Personally I have a strong preference for anything Iosevka, but since I enjoy OTCs and "cool font weights" a lot too, the modification-free way to do it while saving space would be binding two fonts together in fontconfig as "monospace", negating my request for an actual font entry. Yes, we can take the third-party modification step even further and replace ALL of Noto Sans Mono CJK's latin with Iosevka while also fixing the way-too-tall line height to Sarasa Mono's values, but that sounds like way too huge a project to take on.

PS. Sarasa Gothic/Mono does not have many weights because it started off as a project to add good TrueType hinting instructions to Source Han Sans, and the author only had time to tweak parameters for two weights. Those bytecode instructions work well for low-dpi screens and wine in particular; they can be enabled with hintmedium/hintfull. (Keep those customizations to your own box though.)

Comment 45 Mingye Wang 2018-01-18 04:09:11 UTC
Oh, things look pretty hopeful on the Noto (Non-CJK) side! It's a good thing that they aren't limiting the filed issue to CJK, like with https://github.com/googlei18n/noto-cjk/issues/116 and https://github.com/adobe-fonts/source-han-sans/issues/175. I wonder whether the changes will come to CJK too.

Comment 46 Cheng-Chia Tseng 2018-01-21 16:42:25 UTC
I noticed that the default fonts of Chinese are going to switch to Noto CJK fonts.
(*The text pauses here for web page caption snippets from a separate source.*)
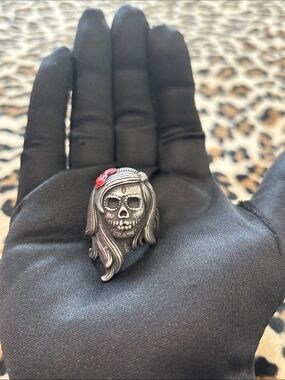 Lady Skull 💀 Calavera Day of the Dead Stainless Steel Ring Goth Biker Skeleton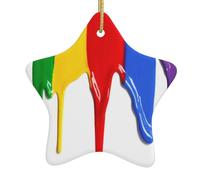 Paint Splatter Backdropmulti-Scenario Printed Christmas Ceramic Star-Shaped Decorative Pendant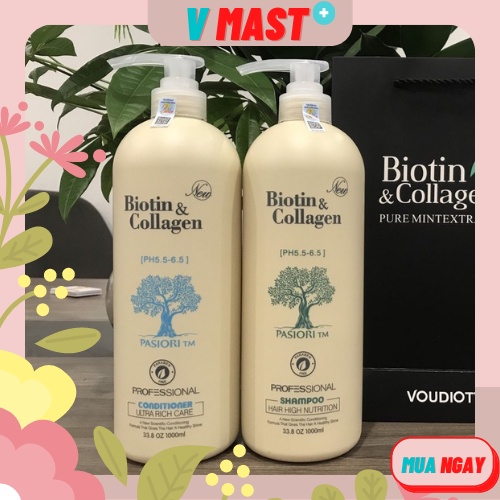 Dầu gội xả Biotin collagen , dầu gội biotin collagen trắng 1000ml giảm rụng tóc, kích thích mọc tóc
https://fedoraproject.org/wiki/Changes/ChineseDefaultFontsToNoto

Although it is fine to switch to Noto CJK fonts that they share the same glyph design with Source Han fonts, I think it is still better to use Source Han fonts for localized font family names, such as "思源黑体", "思源黑體", or "思源宋體", "思源宋体."

Users who can read Chinese can choose the fonts more easily in the font selection list. Noto CJK fonts only display the English names, which is not quite friendly for normal users.

Comment 47 Peng Wu 2018-03-14 03:15:38 UTC
Thanks for the comments!

We decide to change all default CJK fonts to Google Noto CJK fonts for Fedora 28.